Prediction of targets and corresponding drugs for novel UM-related SGs
To investigate whether these novel UM-related SGs could serve as targets of existing repositioned drugs for UM therapy, enrichment analysis was performed to examine the overlap between novel UM-related SGs and targets for a specific drug. A total of 17 novel UM-related SGs were identified as potential targets of 10 drugs, including 7 Food and Drug Administration-approved drugs. As shown in Fig. 6, acetylsalicylic acid (ASA) was predicted to target MYC and TP53. Four drugs [docosahexaenoic acid (DHA), glucose, berberine derivative and all-trans-retinoic acid (ATRA)] were predicted to target 10 novel UM-related risk miRNAs (miR-141-3p, miR-181a-5p, miR-9-5p, miR-429, miR-200b-3p, miR-449b-5p, miR-200c-3p, miR-200a-3p, miR-7-5p, and miR-27a-3p). Five drugs (carboplatin + docetaxel, quercetin, isoprenaline, diamorphine, and panobinostat) were predicted to target five novel UM-related risk lncRNAs (growth arrest-specific 5, small nucleolar RNA host gene 1, KCNQ1 opposite strand/antisense transcript 1, maternally expressed 3, and nuclear paraspeckle assembly transcript 1). Moreover, we found that four drugs (carboplatin + docetaxel, quercetin, isoprenaline, and panobinostat) targeted the same two lncRNAs (GAS5 and MEG3), and two drugs (glucose and ATRA) targeted the same two miRNAs (miR-200b-3p and miR-200c-3p), in which the first two level of Anatomical Therapeutic Chemical (ATC) codes of carboplatin, docetaxel, quercetin, and ATRA were L01 (antineoplastic agents). These results indicated that if one drug targeted more predicted UM-related SGs, it was more likely to be an antineoplastic agent.
Discussion
The biology of UM is extremely complicated, and there are currently no definitive treatments for metastatic UM. Considering the current precision medicine approaches to early diagnosis and treatment, better strategies are required to discover new SGs and candidate drugs.

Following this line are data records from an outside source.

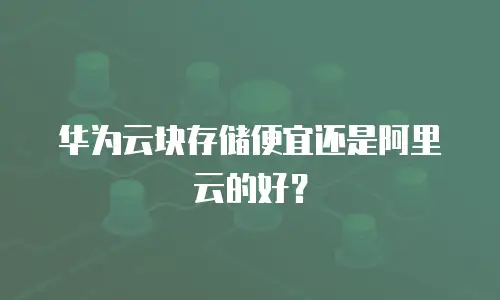 华为云块存储便宜还是阿里云的好？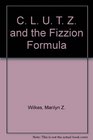 C L U T Z and the Fizzion Formula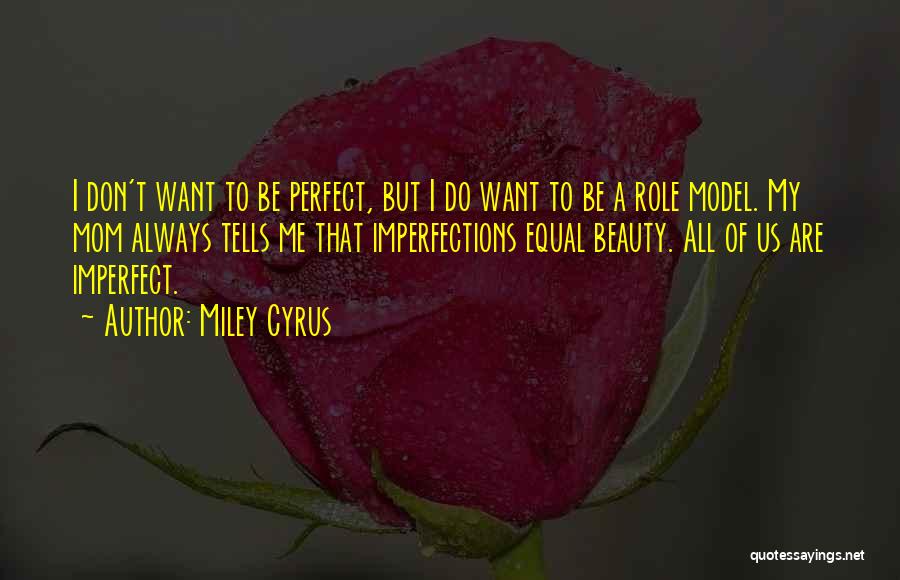 Miley Cyrus Quotes: I Don't Want To Be Perfect, But I Do Want To Be A Role Model. My Mom Always Tells Me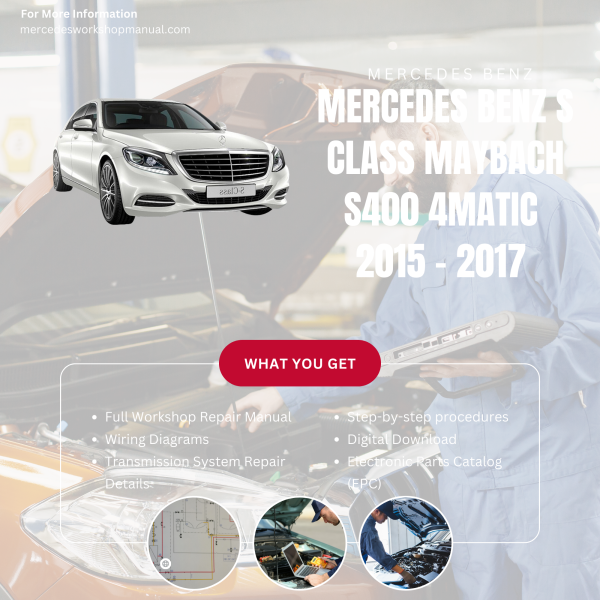 Mercedes Benz S Class Maybach S400 4Matic  Workshop, Service & Repair Manual 2015 - 2017 | Engine, Wiring, Transmission, Maintenance Guide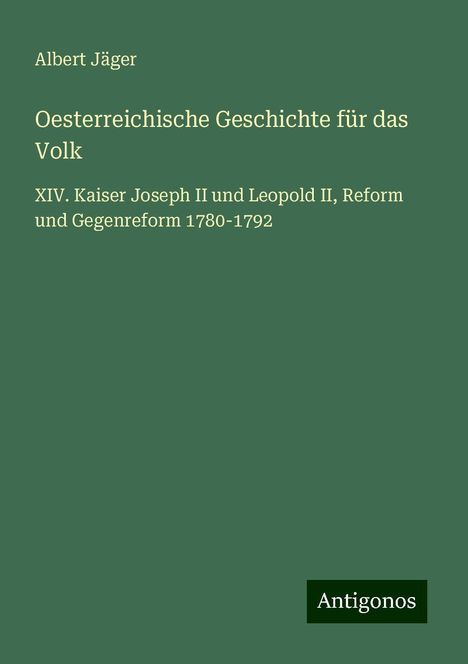 Albert Jäger: Oesterreichische Geschichte für das Volk, Buch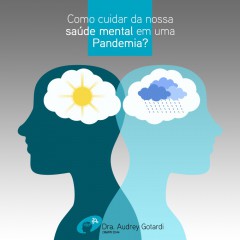 Como cuidar da nossa saúde mental em tempos de Pandemia?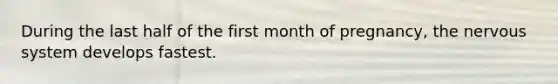 During the last half of the first month of pregnancy, the nervous system develops fastest.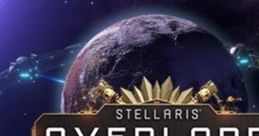 Stellaris: Overlord - Video Game Video game from Stellaris: Overlord for Linux, MacOS, PS4, Windows, Xbox One, Xbox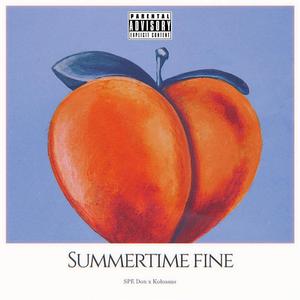 Summertime Fine (feat. DJ Kolossus) [Explicit]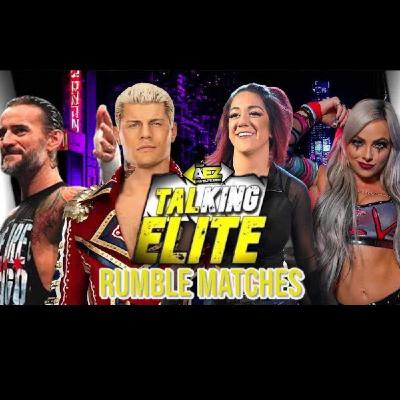 Talking Elite Episode 52 | Rumble Matches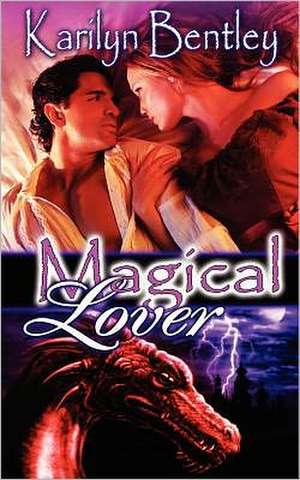 Magical Lover de Karilyn Bentley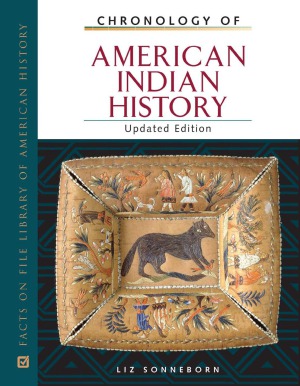 Chronology Of American Indian History Liz Sonneborn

Few SGs have been experimentally verified, due to the generally laborious and expensive traditional biological experiments required. Previous studies have revealed that the cytogenetic alterations on chromosomes 1p, 3, 6, and 8 are indicators of UM prognosis and metastasis11,12. The two mutually exclusive activating mutations in G protein alpha subunits (GNAQ and GNA11) play a crucial role, as they could interfere with the downstream signaling of G-protein-coupled receptors through the MAPK, PI3K/Akt, and Rho GTPase pathways in UM cells7,13. However, the clinical trials of targeted therapies based on these pathways failed to show their effects on suppressing tumor growth or improving PFS7,8. Therefore, pathological genomics should be explored further based on the previous findings from preclinical studies and using an efficient network to obtain a deeper understanding of the gene-protein interactions in metastatic cancer.

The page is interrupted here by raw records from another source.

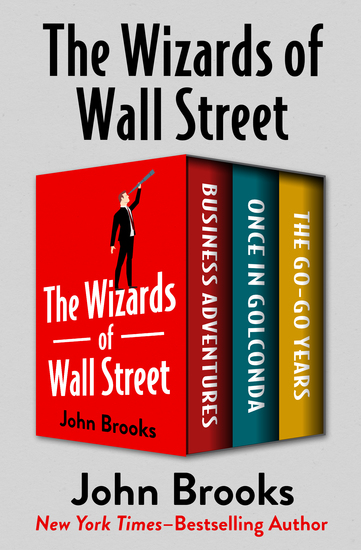 The Wizards of Wall Street - Business Adventures Once in Golconda and The Go-Go Years - cover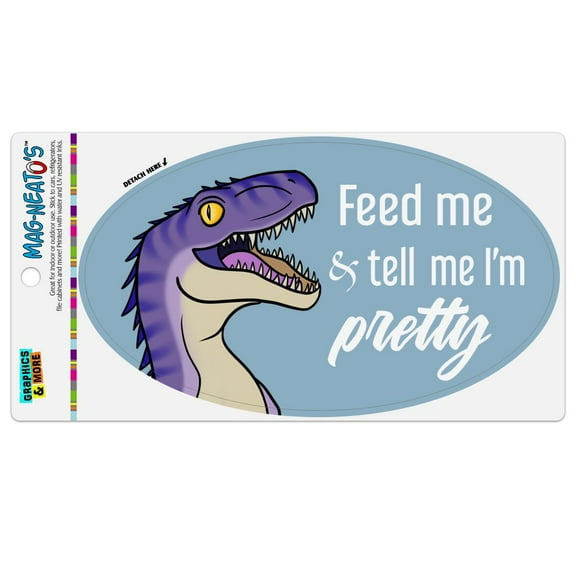 Velociraptor Feed Me and Tell Me I'm Pretty Dinosaur Funny Automotive Car Refrigerator Locker Vinyl Euro Oval Magnet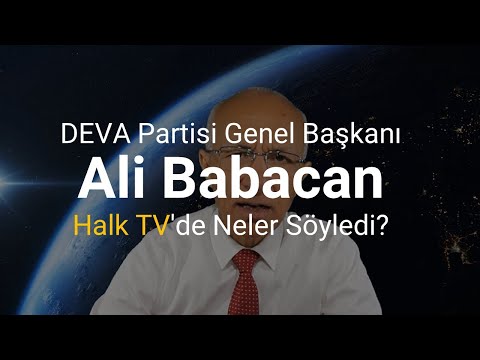 DEVA Partisi Genel Başkanı Ali Babacan 30 Ekim 2021 Günü Halk TV'de Neler Söyledi?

With advances in high-throughput sequencing and multi-omics studies, the complex relationships among multiple omics layers have been elucidated and present new opportunities for studying complex diseases14. Systematic network biology approaches, such as random walk and diffusion processes, have been proposed and widely applied across multiple biological layers to facilitate the discovery of genes involved in diseases;15,16,17 however, in the case of UM, they are still in their infancy. In the present study, a computational framework via propagation modeling on integrated multi-layered molecular networks was proposed to identify potential SGs and drugs for UM diagnosis, prognosis, and treatment. Under the LOOCV experiments, the iUMRG achieved superior predictive performance and yielded a higher area under the AUC value (0.8825) for experimentally verified SGs. In addition, using experimentally verified SGs as seeds, genome-wide screening was performed to detect novel candidate HSGs using the iUMRG. Multi-perspective validation analysis indicated that most of the top 50 HSGs were markedly associated with UM carcinogenesis, progression and outcome. Several candidate SGs have been repeatedly shown to be relevant to UM in multicenter cohorts. For example, SNAI1 is a key regulator of epithelial-mesenchymal transition (EMT)18, and has recently been reported to be expressed in uveal melanoma lines19. RelA is a critical component of NFκB pathways active in both primary and metastatic UM20. EZH2 is a known target for cancer treatment and the functional roles in many cancer types have been revealed21. Still, until recently, EZH2 was found to also have tumorigenic properties in UM22.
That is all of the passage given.